Word of mouth (musician among musicians) or just sheer blind luck. Pandora has come up with a few for me.


----------



## terry j

I trawl the music mags, mainly hardcopy Uncut, read all the album reviews and 'circle' the ones that somehow sound interesting. They also have a cd each month which when not devoted to a theme will have tracks off the latest releases.

Each year they have a 'best of 09' etc as well.

From the circled ones, do a goggle search and they will often have a myspace page, or a page on Ilike or whatever. A great deal of the circled ones get whittled down as you can imagine!!

I am also lucky that an FM program I found whilst in the city streams each week (now that I am in the country), and it is a weekly round up of all the new releases (of the type of music I listen to). 

THEN on top of that I have a yearly GTG where blokes come from all over australia for a weekend of fun and mayhem...needless to say I keep my ears out for music they listen to whilst here.

What we DON'T get over here is Pandora grrrr. IIRC they had a trial period here so I got the idea it would be a great resource to check out bands I have not heard of, but now it is only for the US 'sorry, we see your IP address is blah blah blah'.

Hmm,maybe I have to get a US IP address somehow!


----------



## Syd26147

Fortunately I can get a lot from the web rebroadcast of programs like Mountain Stage, and Live From The Fur Peace Ranch, The World Cafe and similar stuff.

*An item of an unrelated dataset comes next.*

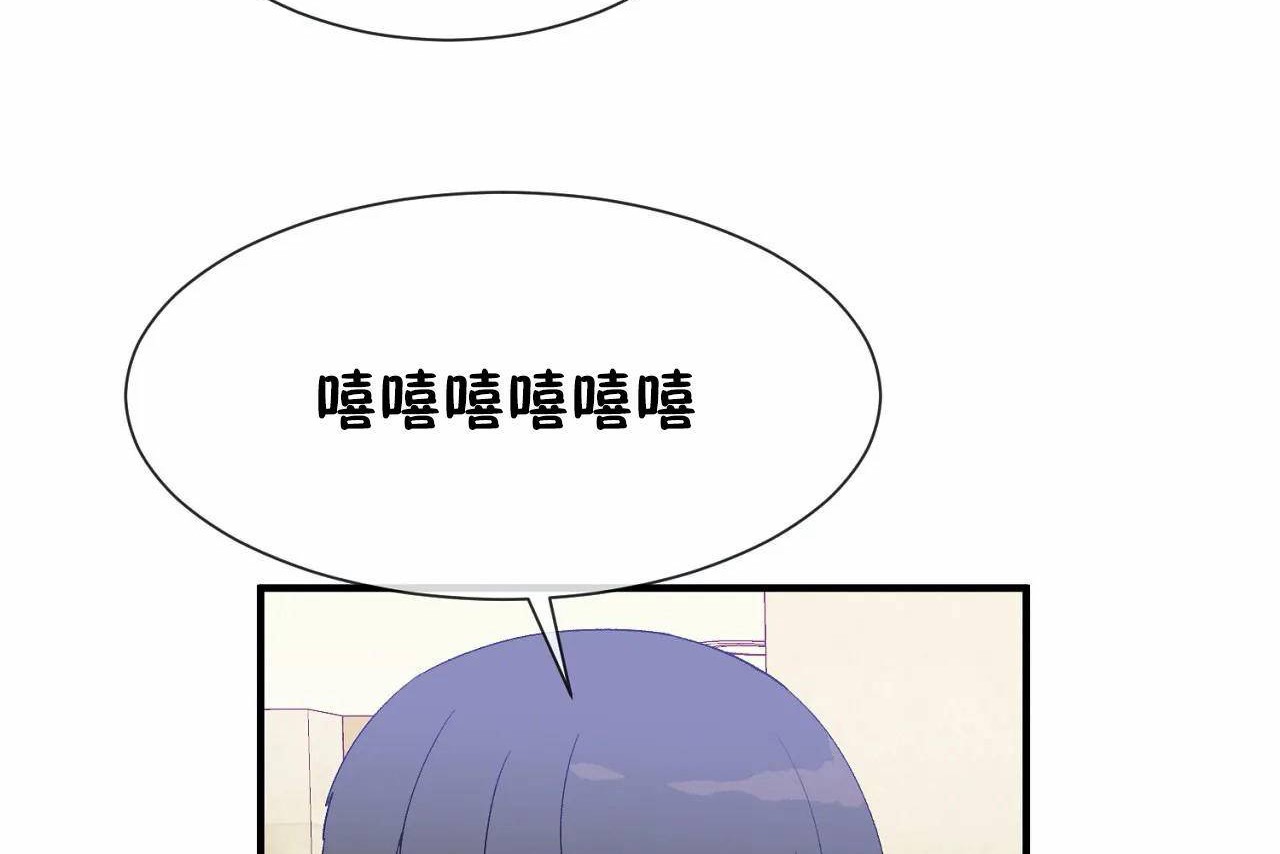 男公关与富家女第72话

Plus networking and sharing with musicians and friends

Syd


----------



## terry j

Syd26147 said:


> Fortunately I can get a lot from the web rebroadcast of programs like Mountain Stage, and Live From The Fur Peace Ranch, The World Cafe and similar stuff.
> 
> Syd


links??


----------



## Syd26147

I listen to streaming and podcast from NPR affiliates and indie/listener supported sources.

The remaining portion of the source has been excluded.